By its very approach, the review essentially states that, if something isn’t immediately obvious and clear, it’s trash. If it’s not simple and direct, then it’s worthless. That’s like saying a one pound hamburger with American cheese is far superior to a custom-broiled filet mignon with cordon bleu béarnaise sauce. Obviously, tastes differ, and there are times when a hamburger just hits the spot… but please don’t tell me the hamburger is superior in culinary terms.
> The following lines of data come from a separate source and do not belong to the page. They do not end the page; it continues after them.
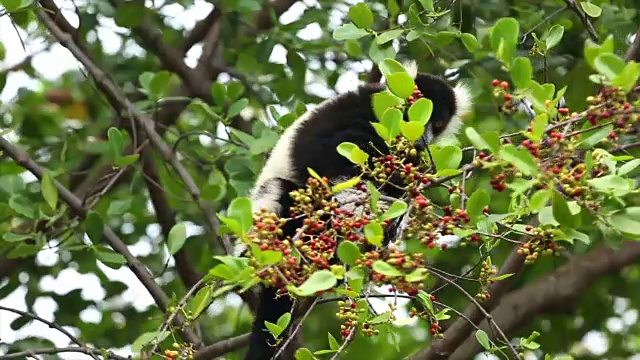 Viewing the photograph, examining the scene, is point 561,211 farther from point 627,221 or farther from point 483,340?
point 483,340

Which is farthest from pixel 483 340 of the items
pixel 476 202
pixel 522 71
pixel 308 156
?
pixel 308 156

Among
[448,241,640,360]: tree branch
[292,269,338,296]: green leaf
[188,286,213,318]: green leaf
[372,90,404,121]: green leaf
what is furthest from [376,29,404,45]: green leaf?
[448,241,640,360]: tree branch

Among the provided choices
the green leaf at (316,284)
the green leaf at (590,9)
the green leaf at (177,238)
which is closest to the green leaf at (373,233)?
the green leaf at (316,284)

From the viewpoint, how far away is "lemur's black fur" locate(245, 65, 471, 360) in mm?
3326

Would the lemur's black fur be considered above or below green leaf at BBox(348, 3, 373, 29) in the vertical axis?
below

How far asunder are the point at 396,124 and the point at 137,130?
2388 mm

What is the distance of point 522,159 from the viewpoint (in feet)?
5.88

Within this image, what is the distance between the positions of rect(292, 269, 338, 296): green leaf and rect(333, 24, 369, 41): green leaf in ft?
4.51

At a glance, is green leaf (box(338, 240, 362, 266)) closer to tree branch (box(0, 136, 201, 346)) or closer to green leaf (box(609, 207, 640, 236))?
green leaf (box(609, 207, 640, 236))

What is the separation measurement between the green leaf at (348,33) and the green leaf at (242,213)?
1.24 meters

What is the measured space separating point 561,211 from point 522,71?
314 millimetres

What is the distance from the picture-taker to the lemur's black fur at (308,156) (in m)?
3.33

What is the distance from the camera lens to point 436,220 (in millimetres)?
2080

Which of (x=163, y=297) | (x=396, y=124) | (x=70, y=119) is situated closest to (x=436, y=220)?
(x=396, y=124) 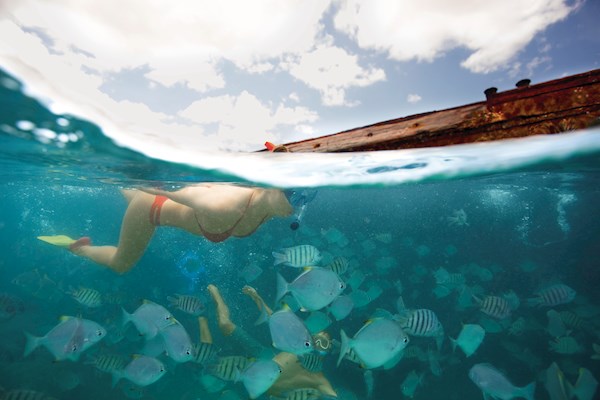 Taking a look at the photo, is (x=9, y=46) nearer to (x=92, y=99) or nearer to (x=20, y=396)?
(x=92, y=99)

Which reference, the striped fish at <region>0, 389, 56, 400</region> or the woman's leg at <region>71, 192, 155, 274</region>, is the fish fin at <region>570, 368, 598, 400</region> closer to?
the woman's leg at <region>71, 192, 155, 274</region>

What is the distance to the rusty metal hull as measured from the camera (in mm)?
3777

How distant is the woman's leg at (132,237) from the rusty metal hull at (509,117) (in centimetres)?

It’s becoming so that too many reviewers and readers can’t tell the difference between a book that has no characterization to speak of and one in which the characterization is nuanced and subtle. If the writer doesn’t effectively come out and say, “Joseph was devastated,” these readers and reviewers don’t pick up the other clues. The same is true of foreshadowing. The author practically has to post signposts that state “this is important,” or it goes over their heads. This tendency isn’t new. There have been readers with such problems since there have been books. What is new is that, in this “new” era of “everything in your face,” there are more and more of them, and they’re infiltrating the ranks of the reviewers and critics.
The same trends have already occurred in movie-making, and it’s to the point where almost any movie trailer will tell me if it’s an “in your face” movie. In fact, almost all the block-buster movies are these days, and it’s getting harder and harder to find movies with depth, subtlety and nuance. Once upon a time, the banana peel humor was largely limited to the Saturday morning movie serials, and the scatological humor to pornography. No more. Once upon a time, many movies [certainly not all, or even a majority, but enough that one didn’t have to search through a haystack of dross] actually presented brilliant dialogue and depth. No more.
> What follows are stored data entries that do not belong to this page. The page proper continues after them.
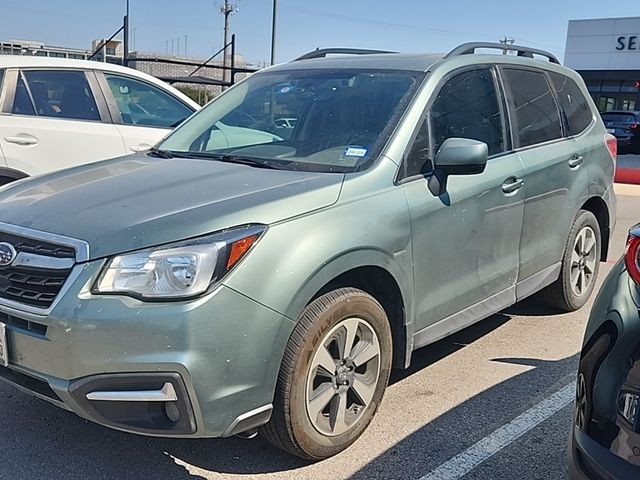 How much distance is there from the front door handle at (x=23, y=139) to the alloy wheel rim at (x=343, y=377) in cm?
386

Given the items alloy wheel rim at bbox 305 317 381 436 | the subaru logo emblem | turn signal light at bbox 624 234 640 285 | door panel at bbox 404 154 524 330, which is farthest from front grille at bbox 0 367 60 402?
turn signal light at bbox 624 234 640 285

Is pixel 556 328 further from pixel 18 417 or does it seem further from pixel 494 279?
pixel 18 417

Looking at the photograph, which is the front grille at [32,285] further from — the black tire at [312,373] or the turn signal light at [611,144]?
the turn signal light at [611,144]

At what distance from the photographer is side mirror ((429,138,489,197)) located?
10.7 ft

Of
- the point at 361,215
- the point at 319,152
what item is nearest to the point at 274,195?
the point at 361,215

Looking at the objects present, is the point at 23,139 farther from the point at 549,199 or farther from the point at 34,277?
the point at 549,199

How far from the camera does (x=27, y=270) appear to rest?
2.59m

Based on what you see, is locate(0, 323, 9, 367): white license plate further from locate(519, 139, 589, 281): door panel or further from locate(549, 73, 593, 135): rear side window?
locate(549, 73, 593, 135): rear side window

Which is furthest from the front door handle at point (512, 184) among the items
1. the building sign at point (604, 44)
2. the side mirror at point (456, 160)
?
the building sign at point (604, 44)

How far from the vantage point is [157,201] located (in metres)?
2.79

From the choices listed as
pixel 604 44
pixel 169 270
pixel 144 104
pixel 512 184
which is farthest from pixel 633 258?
pixel 604 44

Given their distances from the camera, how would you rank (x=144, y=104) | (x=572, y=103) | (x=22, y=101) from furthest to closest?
(x=144, y=104) < (x=22, y=101) < (x=572, y=103)

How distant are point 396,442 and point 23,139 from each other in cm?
412

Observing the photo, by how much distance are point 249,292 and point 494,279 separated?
190cm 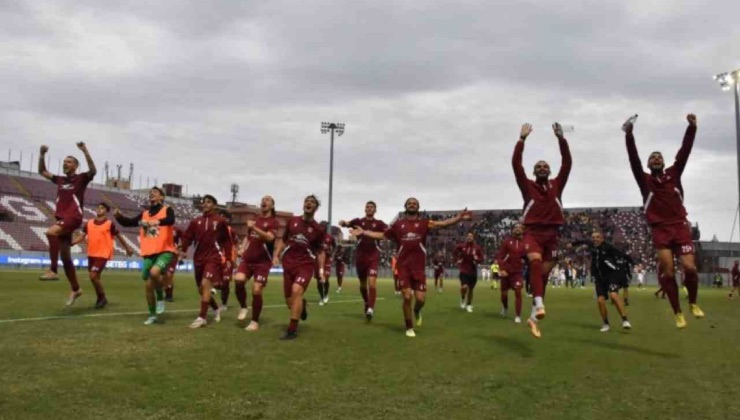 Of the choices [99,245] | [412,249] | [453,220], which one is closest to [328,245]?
[412,249]

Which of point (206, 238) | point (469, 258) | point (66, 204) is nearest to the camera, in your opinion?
point (66, 204)

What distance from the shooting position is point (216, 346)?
879 cm

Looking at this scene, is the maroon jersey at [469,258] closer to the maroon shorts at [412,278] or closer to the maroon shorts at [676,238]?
the maroon shorts at [412,278]

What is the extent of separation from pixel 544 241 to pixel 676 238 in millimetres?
2004

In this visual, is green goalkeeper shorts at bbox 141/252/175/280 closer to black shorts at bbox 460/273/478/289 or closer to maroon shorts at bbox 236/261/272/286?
maroon shorts at bbox 236/261/272/286

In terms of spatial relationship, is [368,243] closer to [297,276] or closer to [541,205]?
[297,276]

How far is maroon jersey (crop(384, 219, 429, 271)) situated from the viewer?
1177 cm

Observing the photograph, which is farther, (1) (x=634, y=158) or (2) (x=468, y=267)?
(2) (x=468, y=267)

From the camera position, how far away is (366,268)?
14.5 meters

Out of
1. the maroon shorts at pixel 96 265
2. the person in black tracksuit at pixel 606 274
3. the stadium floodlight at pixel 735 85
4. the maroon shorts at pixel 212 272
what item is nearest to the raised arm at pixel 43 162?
the maroon shorts at pixel 96 265

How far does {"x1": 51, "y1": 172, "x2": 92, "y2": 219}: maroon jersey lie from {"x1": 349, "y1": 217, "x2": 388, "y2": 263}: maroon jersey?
5.78 meters

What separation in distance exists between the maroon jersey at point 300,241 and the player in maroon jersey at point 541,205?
3.77 meters

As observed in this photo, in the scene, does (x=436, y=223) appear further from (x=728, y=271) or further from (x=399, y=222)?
(x=728, y=271)

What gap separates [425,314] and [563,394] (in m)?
9.69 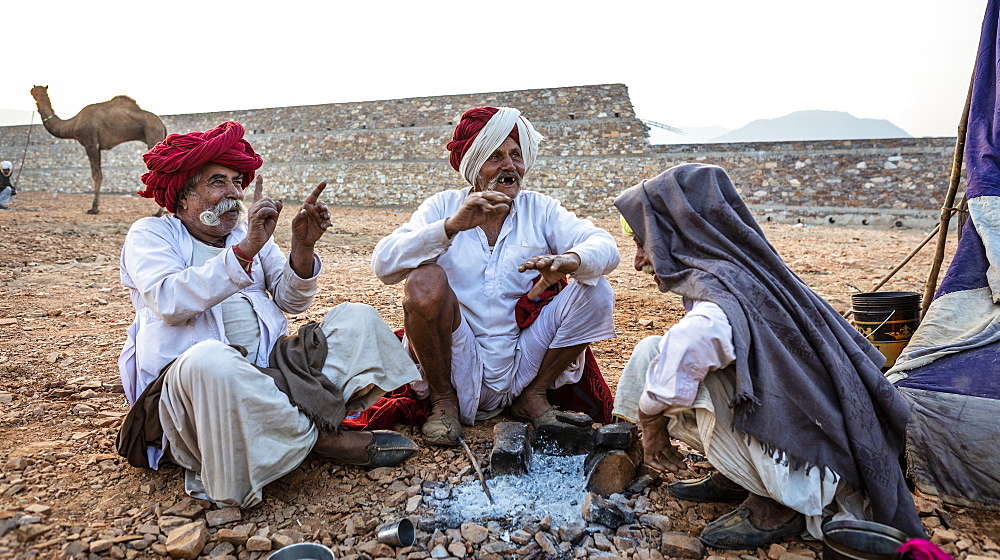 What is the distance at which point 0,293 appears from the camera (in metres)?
5.95

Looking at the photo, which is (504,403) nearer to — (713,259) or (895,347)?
(713,259)

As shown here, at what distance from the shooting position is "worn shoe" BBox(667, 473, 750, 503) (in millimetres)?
2424

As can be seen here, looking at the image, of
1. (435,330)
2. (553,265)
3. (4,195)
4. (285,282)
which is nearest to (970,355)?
(553,265)

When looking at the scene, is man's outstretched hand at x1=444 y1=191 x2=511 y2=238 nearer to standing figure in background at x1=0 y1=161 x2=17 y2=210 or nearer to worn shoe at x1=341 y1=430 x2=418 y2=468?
worn shoe at x1=341 y1=430 x2=418 y2=468

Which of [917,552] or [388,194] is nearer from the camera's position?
[917,552]

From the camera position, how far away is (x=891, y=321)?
3.63 meters

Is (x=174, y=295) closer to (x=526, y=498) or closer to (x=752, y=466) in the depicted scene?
(x=526, y=498)

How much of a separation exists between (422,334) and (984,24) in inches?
143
This cheapening and over-simplification of societal entertainment bleeds over into everything else, from supersizing fast foods to the Sarah Palinization of politics, where “in your face” direct simple solutions are the answer. And because everyone has a “simple” solution, no one can understand that big simple solutions don’t work… and never have, not without an extraordinary cost to people. Unfortunately, this past weekend we’ve had what appears to be a reminder of those costs with the shooting of a moderate Congresswoman in Arizona, who, from all accounts was popular with the majority of her district, and unpopular with the extremists in both parties.
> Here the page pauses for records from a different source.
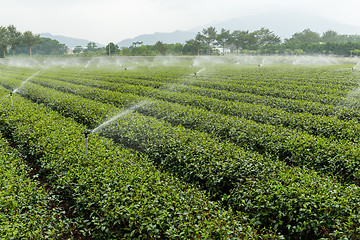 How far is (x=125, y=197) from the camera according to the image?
4117mm

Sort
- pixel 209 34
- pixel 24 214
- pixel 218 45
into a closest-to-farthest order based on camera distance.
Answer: pixel 24 214, pixel 209 34, pixel 218 45

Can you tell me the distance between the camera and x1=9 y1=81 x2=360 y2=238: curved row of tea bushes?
4008mm

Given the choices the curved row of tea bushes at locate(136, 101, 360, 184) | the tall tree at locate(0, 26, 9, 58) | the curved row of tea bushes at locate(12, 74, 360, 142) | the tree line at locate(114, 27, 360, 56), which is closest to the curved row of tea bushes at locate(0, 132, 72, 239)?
the curved row of tea bushes at locate(136, 101, 360, 184)

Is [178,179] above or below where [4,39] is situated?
below

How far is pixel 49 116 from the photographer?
919 centimetres

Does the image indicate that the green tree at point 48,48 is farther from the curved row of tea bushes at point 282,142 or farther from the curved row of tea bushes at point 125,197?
the curved row of tea bushes at point 125,197

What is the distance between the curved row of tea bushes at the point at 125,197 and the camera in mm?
3623

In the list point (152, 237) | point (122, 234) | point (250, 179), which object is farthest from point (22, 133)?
point (250, 179)

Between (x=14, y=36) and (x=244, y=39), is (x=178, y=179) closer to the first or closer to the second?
(x=244, y=39)

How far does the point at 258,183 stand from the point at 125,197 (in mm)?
2663

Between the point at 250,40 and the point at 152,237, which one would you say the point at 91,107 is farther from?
the point at 250,40

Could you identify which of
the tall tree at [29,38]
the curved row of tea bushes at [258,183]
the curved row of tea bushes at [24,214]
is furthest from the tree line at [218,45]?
the curved row of tea bushes at [24,214]

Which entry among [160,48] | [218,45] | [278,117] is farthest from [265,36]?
[278,117]

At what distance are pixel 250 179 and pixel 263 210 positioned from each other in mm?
723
So I’ll say it again. Big, simple, extreme solutions aren’t the answer, and never have been. After all, the Russian Revolution of 1917 was certainly a big and simple solution. So were Hitler’s Third Reich, Pol Pot’s Cambodia, and Castro’s Cuban Revolution… as well as all the ethnic cleansing movements throughout the globe. By contrast, from the beginning the American Revolution embodied compromise, a fact conveniently overlooked by the Tea Partiers. Interestingly enough, what it created lasted… so far, but will it survive the “in your face” era?